# Chapter 15 Lab: Cost, Performance, and Scalability Benchmark

This lab helps you compare data-layout and query-design choices using a deterministic synthetic workload. The objective is not to produce a universal benchmark score. The objective is to practice the engineering habit of measuring the same workload before and after an optimization, recording the trade-offs, and deciding whether the change improves the product-level service objective.

## What you will build

You will generate a synthetic TuranMart event dataset, load it into SQLite, run repeatable aggregation queries, and compare a baseline table with an indexed variant.

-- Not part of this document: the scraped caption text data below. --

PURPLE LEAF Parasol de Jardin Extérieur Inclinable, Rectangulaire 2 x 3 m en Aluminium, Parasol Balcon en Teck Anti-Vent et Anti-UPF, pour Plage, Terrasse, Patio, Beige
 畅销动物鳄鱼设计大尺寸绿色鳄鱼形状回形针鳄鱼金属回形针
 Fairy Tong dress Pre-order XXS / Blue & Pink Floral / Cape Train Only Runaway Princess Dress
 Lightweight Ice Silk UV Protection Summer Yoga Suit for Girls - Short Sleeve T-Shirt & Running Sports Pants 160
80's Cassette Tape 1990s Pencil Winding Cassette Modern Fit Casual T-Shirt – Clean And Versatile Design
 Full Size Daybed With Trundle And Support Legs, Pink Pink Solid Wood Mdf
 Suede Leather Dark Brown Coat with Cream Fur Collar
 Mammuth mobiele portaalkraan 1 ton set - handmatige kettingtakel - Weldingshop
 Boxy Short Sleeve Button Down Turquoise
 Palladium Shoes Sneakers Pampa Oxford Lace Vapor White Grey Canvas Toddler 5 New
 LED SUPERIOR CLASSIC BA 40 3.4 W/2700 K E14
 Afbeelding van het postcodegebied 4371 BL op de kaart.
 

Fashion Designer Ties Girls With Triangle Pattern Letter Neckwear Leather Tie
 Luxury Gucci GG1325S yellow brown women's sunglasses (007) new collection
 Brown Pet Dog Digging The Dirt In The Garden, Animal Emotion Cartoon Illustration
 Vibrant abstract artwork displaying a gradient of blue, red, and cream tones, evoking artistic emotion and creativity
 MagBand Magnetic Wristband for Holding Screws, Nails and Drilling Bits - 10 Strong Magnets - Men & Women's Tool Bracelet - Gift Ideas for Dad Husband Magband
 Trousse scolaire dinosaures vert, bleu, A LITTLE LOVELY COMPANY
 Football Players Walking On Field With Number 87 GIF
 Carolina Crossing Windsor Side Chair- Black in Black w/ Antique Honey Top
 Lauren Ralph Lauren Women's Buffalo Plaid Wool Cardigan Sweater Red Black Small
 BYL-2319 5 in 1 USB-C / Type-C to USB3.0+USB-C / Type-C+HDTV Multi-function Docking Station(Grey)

If DuckDB, Spark, or a cloud warehouse is available in your environment, you can reuse the same dataset and benchmark protocol as an extension.

## Files

| File | Purpose |
|---|---|
| `benchmark_runner.py` | Starter script that generates data and measures baseline versus optimized SQLite queries. |
| `../../solutions/ch15_cost_performance_scalability/optimization_checklist.md` | Completed checklist template for interpreting benchmark results. |

## Run the starter benchmark

From the repository root, run the following command.

```bash
python shared/labs/ch15_cost_performance_scalability/benchmark_runner.py --rows 100000
```

The script writes generated data and timing results to `shared/labs/ch15_cost_performance_scalability/output/`. Re-run the benchmark with different row counts and record the median runtime, p95 runtime, database size, and rows processed per second.

## Extension tasks

Run the same workload with a larger row count, add a second index, and explain whether the index improves the query enough to justify its write and storage cost. Then port the same dataset to Parquet and evaluate it with DuckDB or Spark if those tools are available in your local environment.